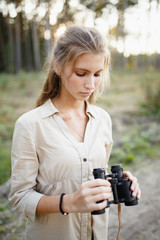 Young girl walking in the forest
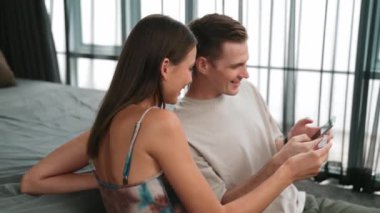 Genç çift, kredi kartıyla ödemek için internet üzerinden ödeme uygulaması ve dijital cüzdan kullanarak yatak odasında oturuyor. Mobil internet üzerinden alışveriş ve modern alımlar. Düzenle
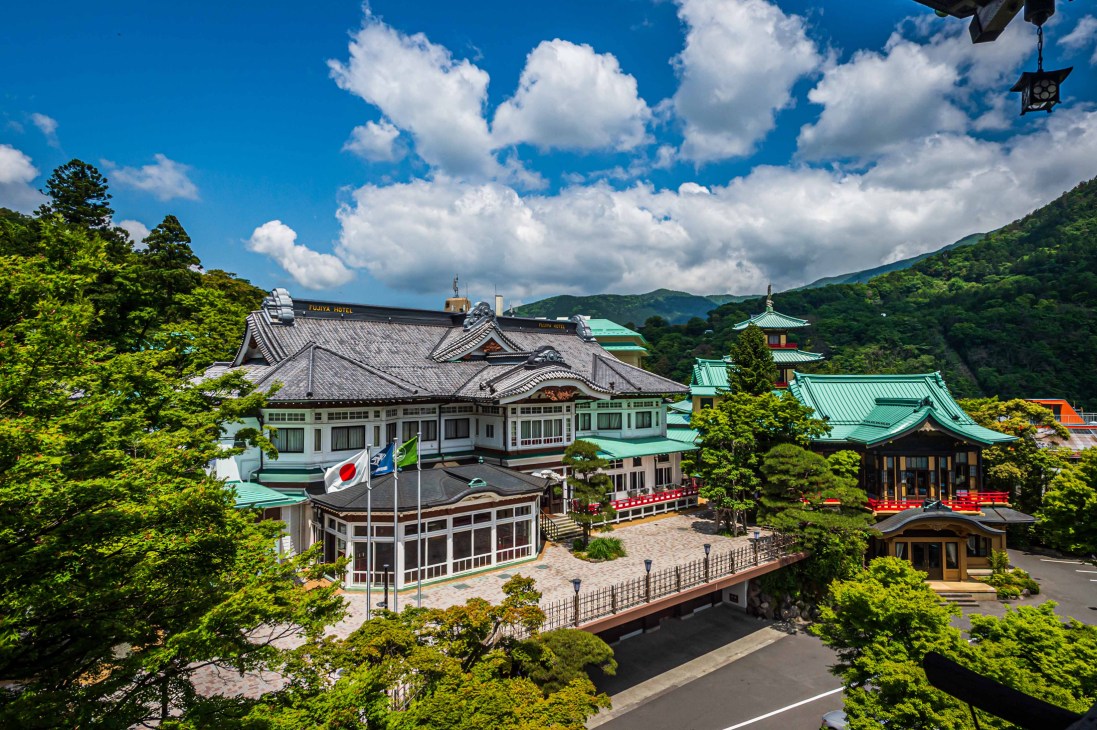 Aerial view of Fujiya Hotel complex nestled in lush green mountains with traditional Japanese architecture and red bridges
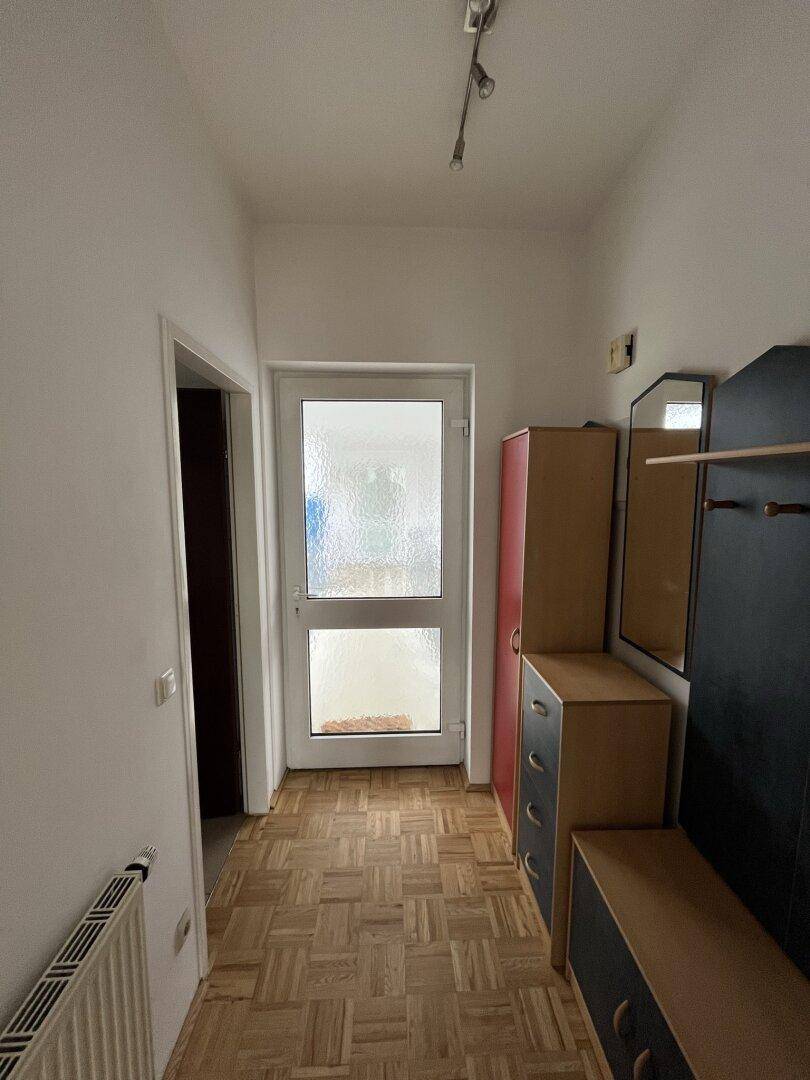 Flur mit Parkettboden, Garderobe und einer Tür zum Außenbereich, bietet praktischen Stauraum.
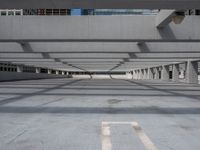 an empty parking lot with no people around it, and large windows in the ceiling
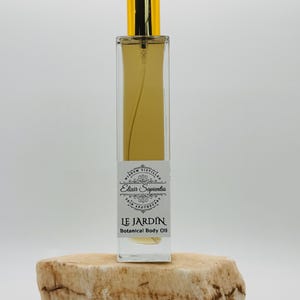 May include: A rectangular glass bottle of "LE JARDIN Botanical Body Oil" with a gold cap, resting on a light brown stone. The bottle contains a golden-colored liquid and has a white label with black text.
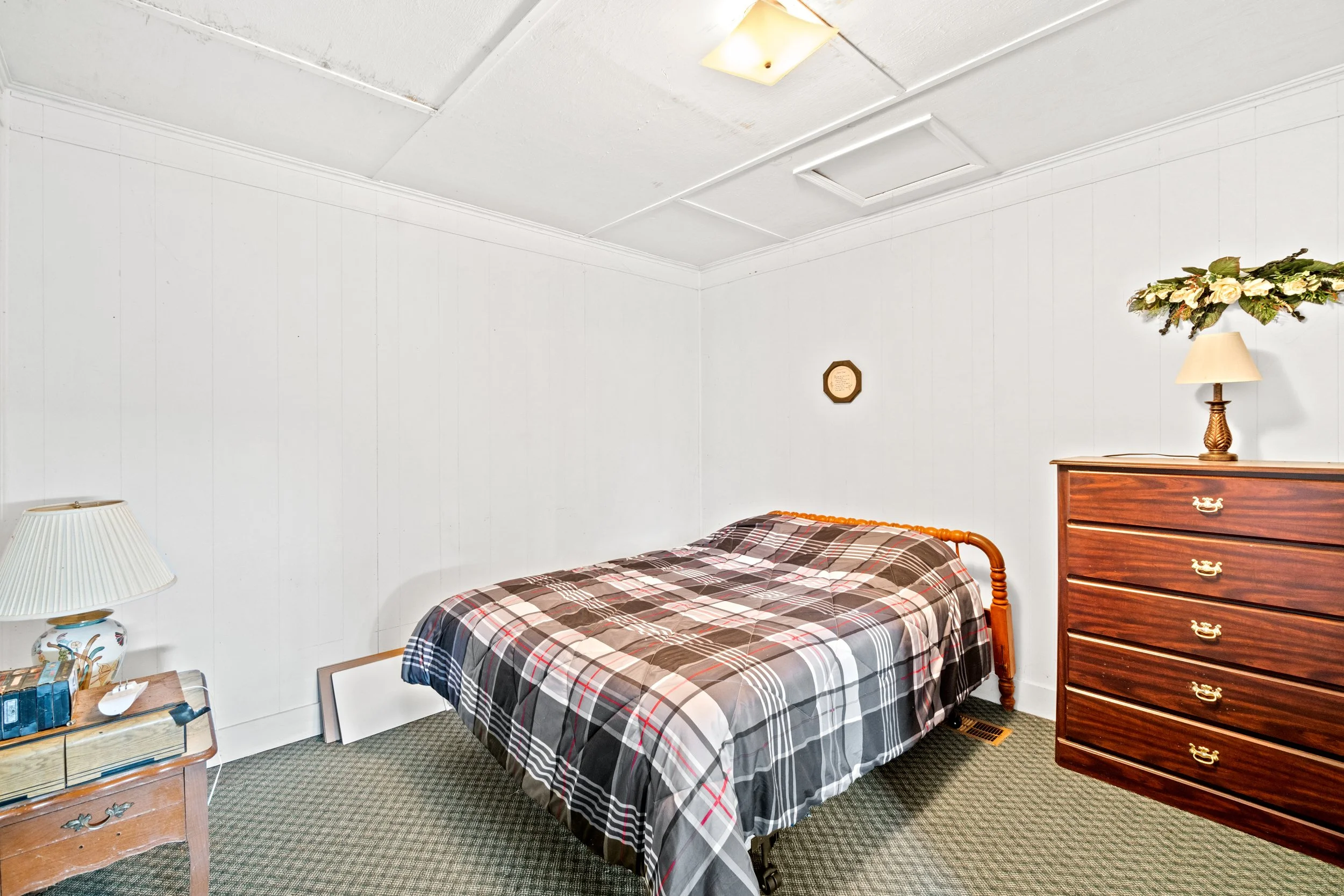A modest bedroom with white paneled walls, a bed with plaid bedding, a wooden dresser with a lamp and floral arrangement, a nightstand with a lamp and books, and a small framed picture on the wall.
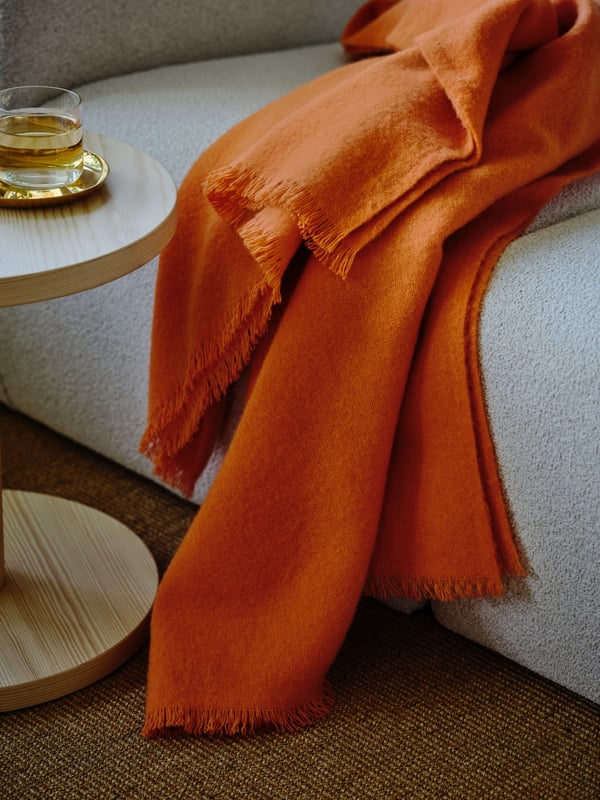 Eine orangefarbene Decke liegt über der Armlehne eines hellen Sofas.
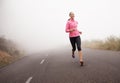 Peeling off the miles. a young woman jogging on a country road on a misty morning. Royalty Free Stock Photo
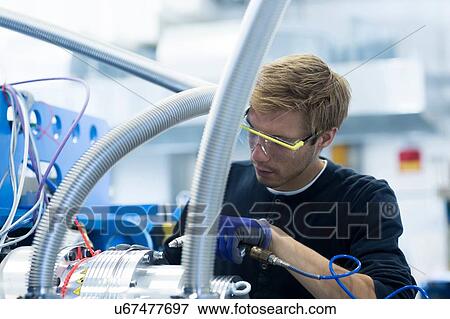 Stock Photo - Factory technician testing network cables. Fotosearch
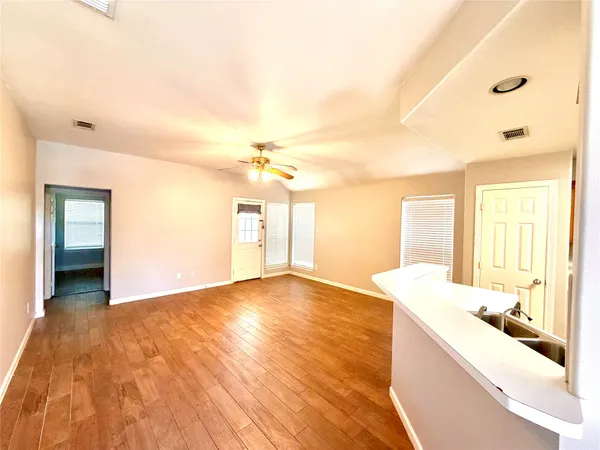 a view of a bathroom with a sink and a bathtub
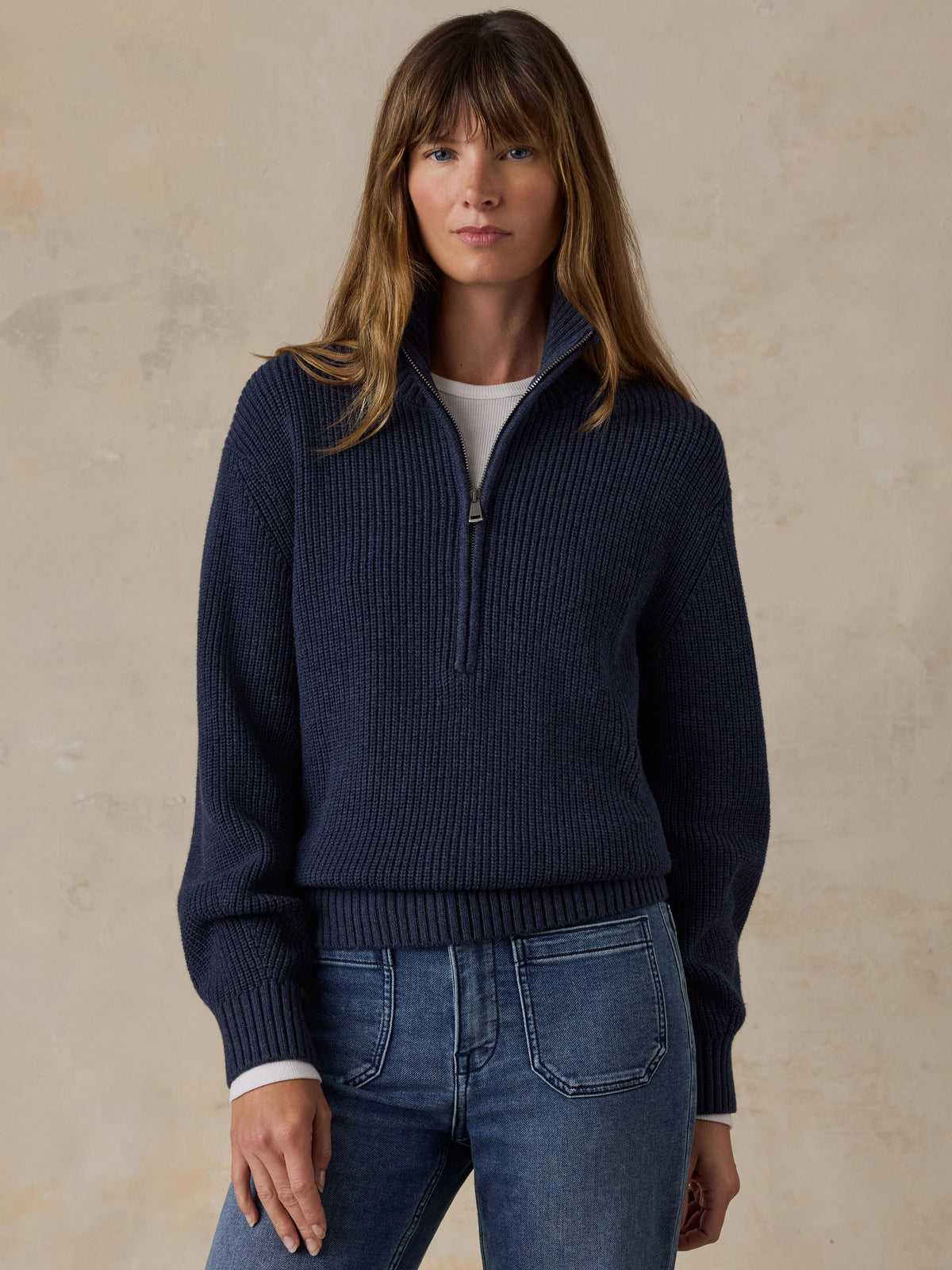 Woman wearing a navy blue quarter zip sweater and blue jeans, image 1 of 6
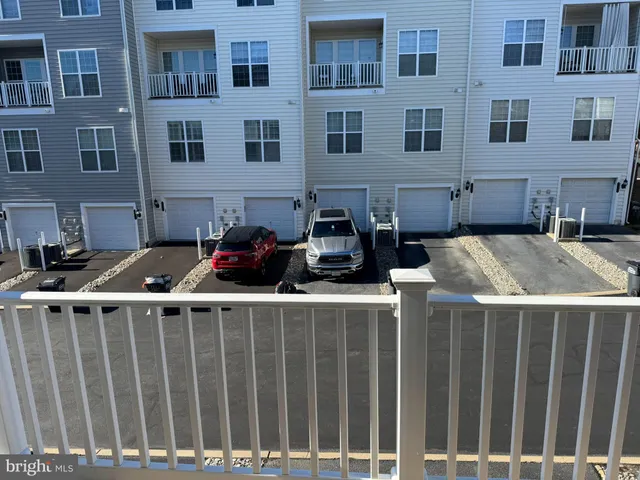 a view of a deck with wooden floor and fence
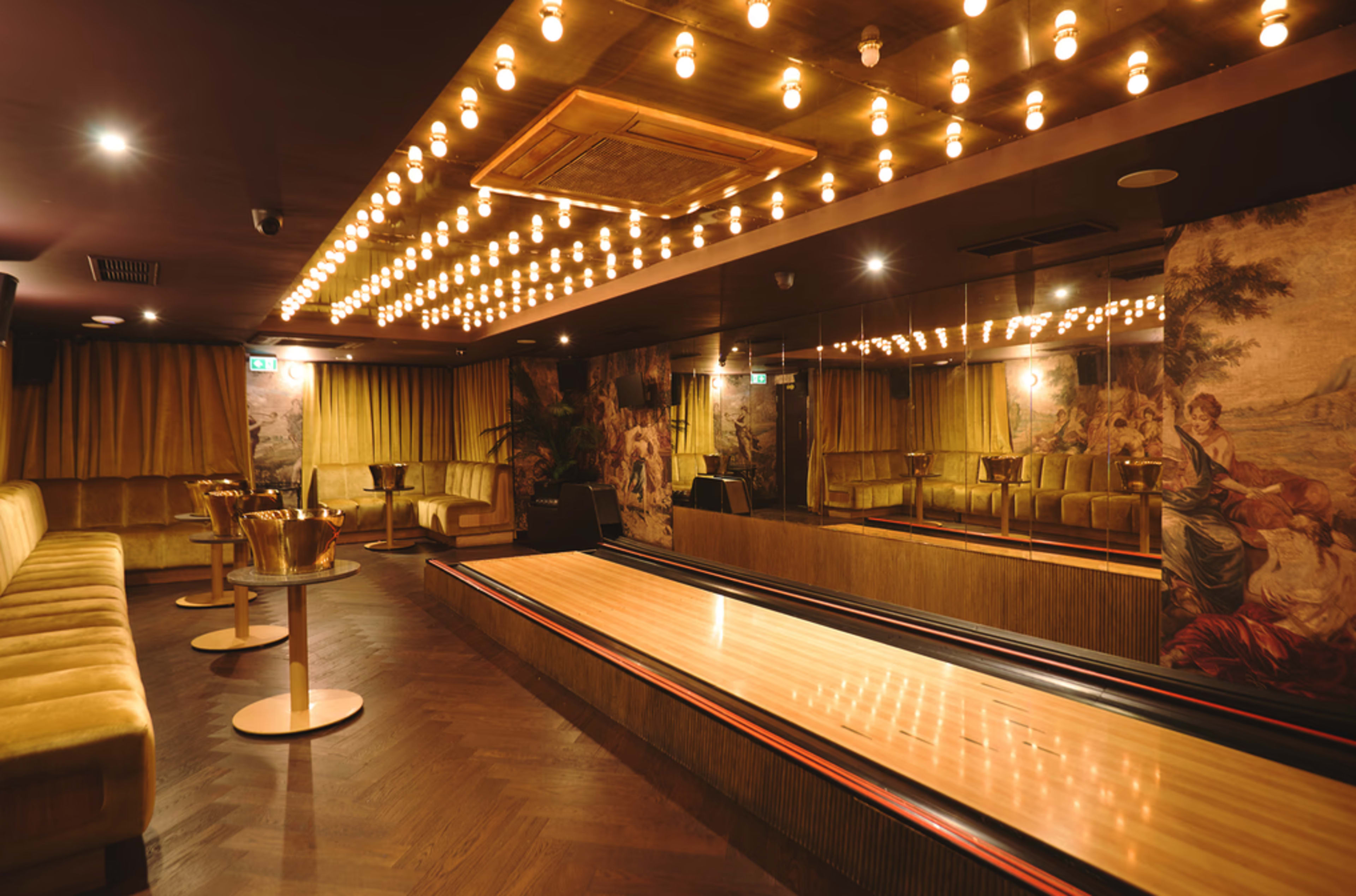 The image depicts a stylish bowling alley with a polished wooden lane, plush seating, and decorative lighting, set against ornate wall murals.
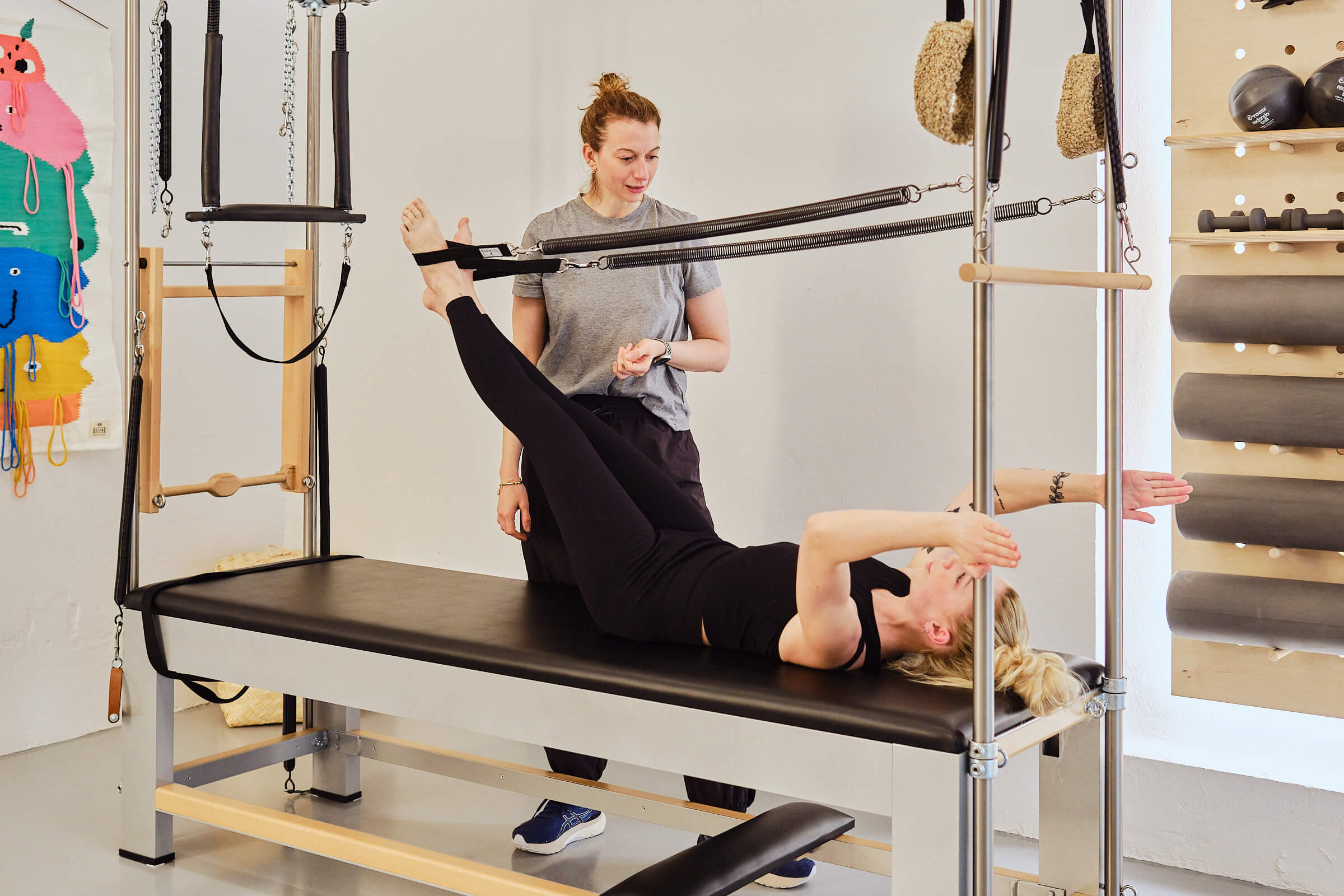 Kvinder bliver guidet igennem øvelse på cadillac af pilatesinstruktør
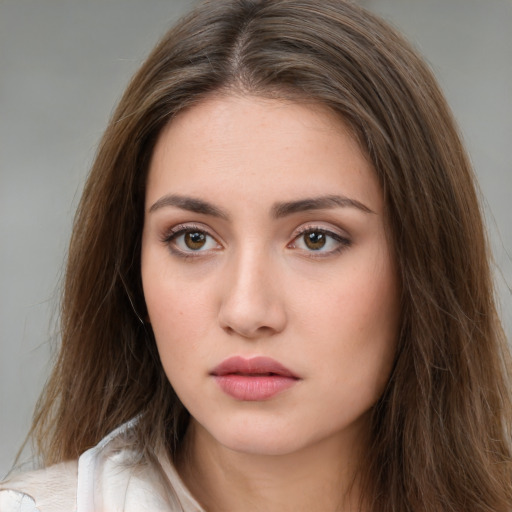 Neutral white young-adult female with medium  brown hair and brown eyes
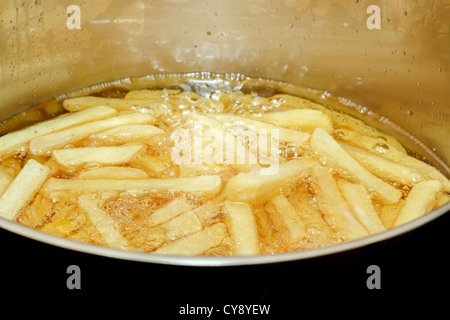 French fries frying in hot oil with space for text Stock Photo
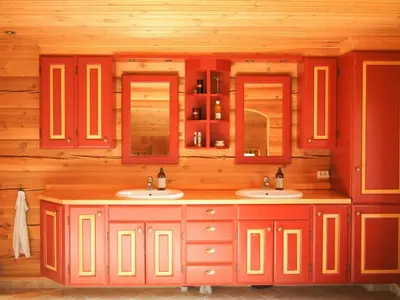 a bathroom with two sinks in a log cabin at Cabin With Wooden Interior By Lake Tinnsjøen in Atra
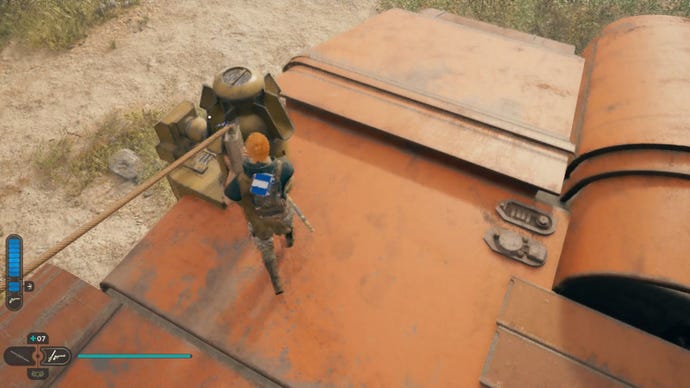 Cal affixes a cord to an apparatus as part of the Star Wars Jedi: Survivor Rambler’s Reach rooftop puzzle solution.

- - -

• EXERCISE INSTRUCTIONS
Each entry above should be printed again word for word, with any picture dropped.

• ANSWER SECTION
 Young girl walking in the forest
 Genç çift, kredi kartıyla ödemek için internet üzerinden ödeme uygulaması ve dijital cüzdan kullanarak yatak odasında oturuyor. Mobil internet üzerinden alışveriş ve modern alımlar. Düzenle
 Aerial view of Fujiya Hotel complex nestled in lush green mountains with traditional Japanese architecture and red bridges
 Flur mit Parkettboden, Garderobe und einer Tür zum Außenbereich, bietet praktischen Stauraum.
 an empty parking lot with no people around it, and large windows in the ceiling
 May include: A rectangular glass bottle of "LE JARDIN Botanical Body Oil" with a gold cap, resting on a light brown stone. The bottle contains a golden-colored liquid and has a white label with black text.
A modest bedroom with white paneled walls, a bed with plaid bedding, a wooden dresser with a lamp and floral arrangement, a nightstand with a lamp and books, and a small framed picture on the wall.
 Eine orangefarbene Decke liegt über der Armlehne eines hellen Sofas.
 Peeling off the miles. a young woman jogging on a country road on a misty morning. Royalty Free Stock Photo
 Stock Photo - Factory technician testing network cables. Fotosearch
 a view of a bathroom with a sink and a bathtub
 Woman wearing a navy blue quarter zip sweater and blue jeans, image 1 of 6
 a view of a deck with wooden floor and fence
 The image depicts a stylish bowling alley with a polished wooden lane, plush seating, and decorative lighting, set against ornate wall murals.
 Kvinder bliver guidet igennem øvelse på cadillac af pilatesinstruktør
 Neutral white young-adult female with medium  brown hair and brown eyes
 French fries frying in hot oil with space for text Stock Photo
 a bathroom with two sinks in a log cabin at Cabin With Wooden Interior By Lake Tinnsjøen in Atra
 Cal affixes a cord to an apparatus as part of the Star Wars Jedi: Survivor Rambler’s Reach rooftop puzzle solution.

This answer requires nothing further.